Jimmy Duvall, chief product officer at BigCommerce, said in the second-quarter e-commerce sales rose 15 percent year-over-year, and said “sales projections for the 2016 holiday season are expected to be similarly impressive.”
Duvall noted that the National Retail Federation said national e-commerce sales “grew almost three-times the rate of total retail sales during last year’s holiday season. And if we look at the data from BigCommerce merchants during last year’s Cyber Five — the five-day period between Thanksgiving and Cyber Monday — [gross merchandise volume] processed increased 43 percent as compared to that same period in 2014.”
Duvall said, based on this, “we expect this holiday shopping season to be the biggest in history.”
He said mobile devices are the driving force behind sales. He noted recent research that showed that more than 90 percent of consumers who conducted a product on a smartphone made a purchase within 24 hours. “But it goes further than research,” Duvall explained. “People are increasingly making more in-context purchases at the point of research. As such, retailers need to optimize their online stores for mobile in order to better capture the consumer in this moment and drive instant conversion.

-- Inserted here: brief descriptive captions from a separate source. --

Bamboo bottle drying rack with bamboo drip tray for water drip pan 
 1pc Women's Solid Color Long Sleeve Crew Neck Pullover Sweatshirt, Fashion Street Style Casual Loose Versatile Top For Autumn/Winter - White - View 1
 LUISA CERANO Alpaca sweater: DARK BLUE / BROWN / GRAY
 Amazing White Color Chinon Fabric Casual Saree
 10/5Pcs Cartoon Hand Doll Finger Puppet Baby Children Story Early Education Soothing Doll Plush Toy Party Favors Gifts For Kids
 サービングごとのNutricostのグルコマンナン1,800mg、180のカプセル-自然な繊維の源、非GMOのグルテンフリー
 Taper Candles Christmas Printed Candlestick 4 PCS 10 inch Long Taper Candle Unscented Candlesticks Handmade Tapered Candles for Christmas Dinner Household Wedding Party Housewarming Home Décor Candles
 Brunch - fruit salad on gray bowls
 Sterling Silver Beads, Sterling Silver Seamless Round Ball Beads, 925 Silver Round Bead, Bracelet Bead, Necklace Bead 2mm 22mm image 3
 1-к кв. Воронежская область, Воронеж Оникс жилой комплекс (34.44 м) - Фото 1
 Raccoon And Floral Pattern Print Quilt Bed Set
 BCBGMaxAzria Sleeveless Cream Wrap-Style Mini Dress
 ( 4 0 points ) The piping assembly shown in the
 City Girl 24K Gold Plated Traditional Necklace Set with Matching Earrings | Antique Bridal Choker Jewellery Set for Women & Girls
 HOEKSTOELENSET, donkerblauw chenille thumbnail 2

New technologies like Apple Pay for web will likely play a key factor in improving mobile conversion for many retailers this holiday season.”
Duvall said data from his firm for last year revealed an 116 percent increase in mobile purchases year-over-year, compared to a 35 percent increase on desktops and a 31 percent increase in a physical store. “This narrative aligns with ongoing industry assumptions about the proliferation of mobile commerce,” Duvall said. “In fact, mobile commerce sales are expected to reach more than $123 billion in 2016, a 39 percent increase over 2015 and more than double the growth from 2014. It’s expected to account for nearly one-third of all retail e-commerce sales for the year.”
The data reveals trends that shouldn’t be surprising, Duvall said noted that it aligns with a consumer desire to “purchase whenever, wherever they want” — but has experienced low adoption “due to poor or inconsistent mobile experiences.”
“Now, as more retailers think mobile first, and create responsive, mobile-friendly and easy-to-navigate online stores that enable simpler purchase paths through integrations with companies like Apple, Amazon or PayPal, the barriers to mobile purchase are rapidly being eliminated,” Duvall said.
In regard to conversions, Duvall said shopping car abandonment rates remain high at about 68 percent — “proving that retailers still have to expend considerable effort to convert shoppers into buyers.” Duvall said Millennials in particular “intentionally abandon carts to see if retailers will subsequently e-mail them an offer in an effort to save the sale.”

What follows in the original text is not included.